Troll Hunter, The Arbor and blurring lines

Troll!!!
Troll Hunter and The Arbor may only have two things in common.  Both screened at this year's True/False Film Festival, and both blur the lines between documentary and narrative fiction.  I liked The Arbor better.

I was looking forward to Troll Hunter as a fan of comedy, bizarro subject matter and Norwegians.  I knew going in that the film was largely invented, with CGI trolls and all.  I guess I thought the filmmakers extrapolated from some kernel of truth - perhaps playing out some crazy guy's stories.  But the film is 100% invention, much in the vein of Blair Witch or Cloverfield.

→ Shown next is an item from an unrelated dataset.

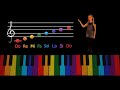 Notele muzicale i clapele pianului  educaie muzical  musical notes  piano keys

There are some genuinely funny moments, and the filmmakers get a lot of mileage from just a little bit of troll footage.  Unlike many mockumentaries, they stay completely true to documentary style found footage.  But once it's clear the film is all invention, I wanted the pacing and beats of a narrative arc.  If you don't have the storytelling of narrative and you don't have the "reality" of documentary, what do you have?

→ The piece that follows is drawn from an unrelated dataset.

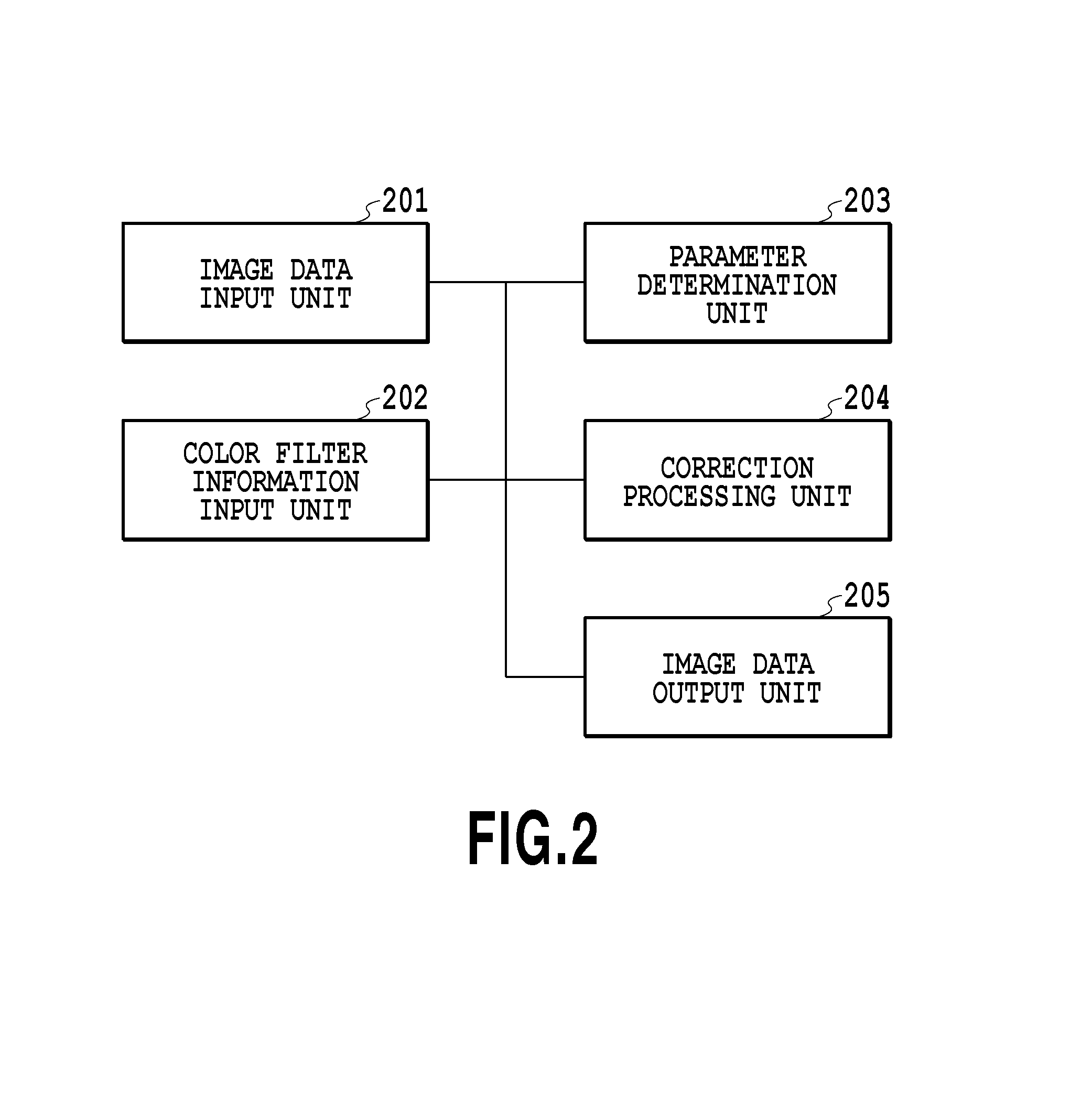 Image processing apparatus and image processing method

Worth shooting with actors just for a bitchin' shot like this.
Whereas Troll Hunter is a fiction narrative trying to look like a documentary, The Arbor is a documentary made to look like fiction.  The film consists of audio interviews with its subjects, with actors on screen lip-synching to their words.

It's the story of British playwright Andrea Dunbar, whose teenage accounts of life in The Estate (the projects) brought her some prominence in the 80s.  Dunbar's hard drinking and hard living led to three children from three fathers and her death at just 29.  Her children, especially the oldest, struggled to get on without falling down the same path as their mother.

The lip-synching technique is a bit jarring at first, but often you forget it's even there.  But Director Clio Barnard wants the audience to remain aware that there is a level of manipulation and storytelling in what they are watching.  (I asked her.)  What really made the technique connect is that, in the same way Andrea's plays were a dramatic recreation of her life's events, the documentary is a sort-of recreation based on the stories the people in her life have told.

Coming on the heels of a year when Catfish and Exit Through the Gift Shop sparked a lot of debate about the blending of truth and fiction in docs, The Arbor and Troll Hunter illustrate that the blending of styles hinges on which elements you hold onto.